The monitoring and assessment techniques are founded on the fundamentals of mechanical engineering, electrical and electronic engineering and information technology.
The unit covers exploration of strategies for efficient instrumentation of engineering assets. Students will use a range of sensing technologies to gather real-time information and use industry standard approaches to data analyses, characterisation, fault assessment and reporting methodologies at various stages of product design and product development.
Data visualisation will also be discussed. The unit will explore frequency of monitoring in relation to the volume of data collected and strategies for data reduction.

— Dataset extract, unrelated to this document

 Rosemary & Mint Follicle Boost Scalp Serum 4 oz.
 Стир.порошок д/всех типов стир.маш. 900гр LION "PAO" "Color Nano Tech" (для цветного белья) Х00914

At the successful completion of this unit you will be able to:
- Identify and recognise the role of instrumentation and monitoring in the product design cycle.
- Analyse examples and case studies including those from high-reliability industries.
- Synthesise data from a range of instruments and sensors to report on performance against standards.
- Appraise errors in the context of system monitoring.
- Generate simulations of representative systems and analyse system performance.
- Apply problem-solving techniques and analyse faults in terms of root cause analysis.
- Conduct regular self-assessment and peer-assessment of individual and team performance as a primary means of tracking continuing professional development.
Continuous assessment: 50%
Examination (3 hours): 50%
Students are required to achieve at least 45% in the total continuous assessment component and at least 45% in the final examination component and an overall mark of 50% to achieve a pass grade in the unit.
5 hours contact (typically 2-3 hours of lecture and 2-3 hours tutorial/practice/lab) and 7 hours of private study per week.